User activity map#

In this notebook we demonstrate how to analyze and visualize daily OSM user activity for a country.

These are the steps you see further down:

  • Set the connection parameters.

  • Prepare your input parameters, e.g. define area of interest and time interval.

  • Download data using DuckDB.

  • Create a Map, an interactive Slider to filter the map data.

Getting started#

Set connection params.

from dotenv import load_dotenv
load_dotenv()
True
import os

s3_user = os.environ["S3_ACCESS_KEY_ID"]  # add your user here
s3_password = os.environ["S3_SECRET_ACCESS_KEY"]  # add your password here

Configure DuckDB.

!pip install duckdb==1.0.0
import duckdb

con = duckdb.connect(
    config={
        'threads': 32,
        'max_memory': '50GB',
        'enable_object_cache': True
    }
)
con.install_extension("spatial")
con.load_extension("spatial")

Set the connection params to Iceberg Rest Catalog.

!pip install "pyiceberg[s3fs,duckdb,sql-sqlite,pyarrow]"
from pyiceberg.catalog.rest import RestCatalog

catalog = RestCatalog(
    name="default",
    **{
        "uri": "https://sotm2024.iceberg.ohsome.org",
        "s3.endpoint": "https://sotm2024.minio.heigit.org",
        "py-io-impl": "pyiceberg.io.pyarrow.PyArrowFileIO",
        "s3.access-key-id": s3_user,
        "s3.secret-access-key": s3_password,
        "s3.region": "eu-central-1"
    }
)

Set connection to MinIO object storage.

query = f"""
DROP SECRET IF EXISTS "__default_s3";
CREATE SECRET (
      TYPE S3,
      KEY_ID '{s3_user}',
      SECRET '{s3_password}',
      REGION 'eu-central-1',
      endpoint 'sotm2024.minio.heigit.org',
      use_ssl true,
      url_style 'path'
  );
"""
con.sql(query).show()
┌─────────┐
│ Success │
│ boolean │
├─────────┤
│ true    │
└─────────┘

Prepare the input parameters for your analysis#

For this analysis mainly two parameters matter:

  • time range

  • location (approximated by country bounding boxes)

# Set iceberg table
namespace = 'geo_sort'
tablename = 'contributions'
icebergtable = catalog.load_table((namespace, tablename))

# Define location filter
bboxes = {
    'kenya': (33.89, -4.68, 41.86, 5.51),
    'germany': (5.99, 47.3, 15.02, 54.98),
    'brazil': (-73.99, -33.77, -34.73, 5.24)
}

selected_region = 'kenya'
xmin, ymin, xmax, ymax = bboxes[selected_region]

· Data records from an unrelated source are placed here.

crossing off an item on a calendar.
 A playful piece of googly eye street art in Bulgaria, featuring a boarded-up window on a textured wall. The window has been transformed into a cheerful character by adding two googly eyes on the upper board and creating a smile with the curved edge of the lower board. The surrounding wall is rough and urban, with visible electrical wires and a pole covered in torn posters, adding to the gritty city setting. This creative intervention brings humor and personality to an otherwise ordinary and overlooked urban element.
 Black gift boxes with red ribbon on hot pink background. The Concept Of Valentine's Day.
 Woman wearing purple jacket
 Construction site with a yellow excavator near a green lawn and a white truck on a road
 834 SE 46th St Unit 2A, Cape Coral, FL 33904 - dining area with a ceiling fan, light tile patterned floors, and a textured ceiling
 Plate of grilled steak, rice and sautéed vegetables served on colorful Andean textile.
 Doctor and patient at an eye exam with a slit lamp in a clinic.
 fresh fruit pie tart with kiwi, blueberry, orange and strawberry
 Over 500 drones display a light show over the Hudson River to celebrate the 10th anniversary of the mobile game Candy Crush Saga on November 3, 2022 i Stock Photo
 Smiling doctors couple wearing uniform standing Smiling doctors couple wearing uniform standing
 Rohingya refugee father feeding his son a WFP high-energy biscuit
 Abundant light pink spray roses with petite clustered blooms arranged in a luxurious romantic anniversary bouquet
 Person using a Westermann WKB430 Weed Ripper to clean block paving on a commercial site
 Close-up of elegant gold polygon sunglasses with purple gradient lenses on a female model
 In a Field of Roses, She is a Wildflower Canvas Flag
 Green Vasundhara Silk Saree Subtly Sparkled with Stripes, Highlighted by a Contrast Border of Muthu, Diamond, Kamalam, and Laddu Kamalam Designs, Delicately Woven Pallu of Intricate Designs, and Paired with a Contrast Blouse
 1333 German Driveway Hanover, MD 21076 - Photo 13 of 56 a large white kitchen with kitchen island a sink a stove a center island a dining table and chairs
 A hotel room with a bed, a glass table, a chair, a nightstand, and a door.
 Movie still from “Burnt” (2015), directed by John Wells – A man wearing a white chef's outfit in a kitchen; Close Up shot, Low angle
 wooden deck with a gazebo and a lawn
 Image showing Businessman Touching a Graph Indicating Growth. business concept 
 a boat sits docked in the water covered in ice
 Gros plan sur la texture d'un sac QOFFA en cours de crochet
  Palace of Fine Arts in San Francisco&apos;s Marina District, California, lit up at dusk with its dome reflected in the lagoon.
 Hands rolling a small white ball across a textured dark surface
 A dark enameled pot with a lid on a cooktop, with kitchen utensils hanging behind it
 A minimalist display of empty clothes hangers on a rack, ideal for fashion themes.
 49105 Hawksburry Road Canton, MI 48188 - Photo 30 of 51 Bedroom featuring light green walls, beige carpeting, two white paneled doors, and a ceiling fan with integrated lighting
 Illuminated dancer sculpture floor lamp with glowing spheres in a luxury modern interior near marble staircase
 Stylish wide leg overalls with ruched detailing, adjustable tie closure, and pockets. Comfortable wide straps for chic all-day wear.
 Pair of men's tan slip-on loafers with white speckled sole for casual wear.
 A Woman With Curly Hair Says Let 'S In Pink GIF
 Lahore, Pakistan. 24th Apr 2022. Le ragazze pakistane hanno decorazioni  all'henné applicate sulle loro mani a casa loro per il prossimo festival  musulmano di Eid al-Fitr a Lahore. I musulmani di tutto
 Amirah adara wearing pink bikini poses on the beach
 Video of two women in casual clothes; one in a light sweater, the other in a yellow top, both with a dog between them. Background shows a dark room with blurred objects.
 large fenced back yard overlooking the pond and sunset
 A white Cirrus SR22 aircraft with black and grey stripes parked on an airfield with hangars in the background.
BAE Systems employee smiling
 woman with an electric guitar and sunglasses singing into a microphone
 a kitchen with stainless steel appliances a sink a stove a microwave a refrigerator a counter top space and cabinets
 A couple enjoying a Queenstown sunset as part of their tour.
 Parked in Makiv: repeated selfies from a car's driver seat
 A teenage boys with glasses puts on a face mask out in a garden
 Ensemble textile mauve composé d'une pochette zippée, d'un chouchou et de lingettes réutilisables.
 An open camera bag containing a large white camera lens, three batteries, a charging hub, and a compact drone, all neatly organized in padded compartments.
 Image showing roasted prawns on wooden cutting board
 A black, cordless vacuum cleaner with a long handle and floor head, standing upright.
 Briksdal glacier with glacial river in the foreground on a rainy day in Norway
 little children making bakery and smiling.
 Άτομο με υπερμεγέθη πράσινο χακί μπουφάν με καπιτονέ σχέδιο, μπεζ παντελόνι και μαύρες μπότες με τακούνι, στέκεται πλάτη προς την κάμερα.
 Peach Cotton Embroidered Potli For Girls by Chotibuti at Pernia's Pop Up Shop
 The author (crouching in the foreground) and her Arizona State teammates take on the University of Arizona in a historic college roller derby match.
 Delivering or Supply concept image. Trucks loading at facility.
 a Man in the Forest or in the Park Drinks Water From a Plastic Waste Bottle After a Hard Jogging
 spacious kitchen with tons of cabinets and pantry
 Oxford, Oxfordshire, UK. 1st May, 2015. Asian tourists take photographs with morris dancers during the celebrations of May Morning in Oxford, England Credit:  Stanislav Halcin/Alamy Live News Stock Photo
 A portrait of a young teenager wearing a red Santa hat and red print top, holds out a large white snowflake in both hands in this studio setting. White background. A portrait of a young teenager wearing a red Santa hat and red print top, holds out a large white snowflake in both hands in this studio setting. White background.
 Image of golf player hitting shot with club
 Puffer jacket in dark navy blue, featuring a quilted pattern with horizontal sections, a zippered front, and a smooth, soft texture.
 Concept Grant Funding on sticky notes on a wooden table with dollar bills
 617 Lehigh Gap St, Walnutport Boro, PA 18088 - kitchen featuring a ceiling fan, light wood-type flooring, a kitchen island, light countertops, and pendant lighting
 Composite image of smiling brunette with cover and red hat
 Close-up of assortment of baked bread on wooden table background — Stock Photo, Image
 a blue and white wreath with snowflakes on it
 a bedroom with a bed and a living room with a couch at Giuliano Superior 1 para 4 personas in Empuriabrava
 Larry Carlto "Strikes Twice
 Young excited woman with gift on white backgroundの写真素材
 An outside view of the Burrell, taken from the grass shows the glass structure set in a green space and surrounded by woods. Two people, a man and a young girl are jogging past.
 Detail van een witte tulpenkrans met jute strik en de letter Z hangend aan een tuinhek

# Define time range filter
start_timestamp = '2024-01-01T00:00:00'
time_interval = 'day'

Get the Data#

Here we download the H3 cell ID instead of the actual OSM geometry. This allows us to download the entire history of OSM. Furthermore, we get the OSM user ID and contribution timestamp.

import time
start_time = time.time()

icebergtable.scan(
    row_filter=(
        f"(status = 'latest' or status = 'history')"
        f"and (xmax >= {xmin} and xmin <= {xmax}) "
        f"and (ymax >= {ymin} and ymin <= {ymax}) "
        f"and valid_from >= '{start_timestamp}'"
    ),
    selected_fields=(
        "user_id",
        "valid_from",
        "h3_r5"
    ),
).to_duckdb('raw_osm_data',connection=con)

download_time = round(time.time() - start_time, 3)
print(f"download took {download_time} sec.")
download took 22.647 sec.

Count number of users per time interval.

Use H3 library to calculate H3 polygon geometries.

start_time = time.time()

query = f"""
INSTALL h3 FROM community;
LOAD h3;

SELECT
    h3_r5,
    1.0 * epoch_ms(date_trunc('{time_interval}', valid_from)) as time_interval,
    count(distinct user_id) as n_users,
    h3_cell_to_boundary_wkt(h3_r5) as geometry
FROM raw_osm_data
GROUP BY 1, 2
ORDER BY 2, 1;
"""

df = con.sql(query).df()

processing_time = round(time.time() - start_time, 3)
print(f"processing took {processing_time} sec.")
processing took 0.112 sec.

Display OSM user activity on map#

Get data from DucDKB into GeoPandas dataframe.

import pandas as pd
import geopandas as gpd

# convert the data to geodata
gdf = gpd.GeoDataFrame(
    df,
    geometry=gpd.GeoSeries.from_wkt(df['geometry'])
).set_crs('epsg:4326')

Define map parameters and style.

import numpy as np
import datetime
import lonboard
from palettable.colorbrewer.sequential import Blues_9

min_value = 0
max_value = gdf["n_users"].max()

# normalized color values from 0 to 1
user_activity_style = gdf["n_users"].apply(
    lambda x: (x - min_value) / (max_value - min_value))

gdf["height"] = 2500 * gdf["n_users"] 
heights = gdf["height"].to_numpy()
heights = np.nan_to_num(heights, nan=1)

min_valid_from = 1000 * datetime.datetime(2023,1,1).replace(tzinfo=datetime.timezone.utc).timestamp()
max_valid_from = 1000 * datetime.datetime(2024,6,1).replace(tzinfo=datetime.timezone.utc).timestamp()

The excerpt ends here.